Dataset:
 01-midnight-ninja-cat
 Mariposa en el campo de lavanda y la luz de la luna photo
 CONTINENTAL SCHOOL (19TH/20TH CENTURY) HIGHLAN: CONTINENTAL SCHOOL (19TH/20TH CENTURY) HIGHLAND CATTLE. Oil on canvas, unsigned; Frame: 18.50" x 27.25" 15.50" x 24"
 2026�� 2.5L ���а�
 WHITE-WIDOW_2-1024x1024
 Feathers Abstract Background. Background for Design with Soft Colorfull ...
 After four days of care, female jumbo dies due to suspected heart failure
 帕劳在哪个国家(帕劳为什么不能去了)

Exercise instructions:
Using the listing above, return exactly, and only, the lines from the one that contains "Feathers Abstract Background." through its last line, both included.

Task output:
 Feathers Abstract Background. Background for Design with Soft Colorfull ...
 After four days of care, female jumbo dies due to suspected heart failure
 帕劳在哪个国家(帕劳为什么不能去了)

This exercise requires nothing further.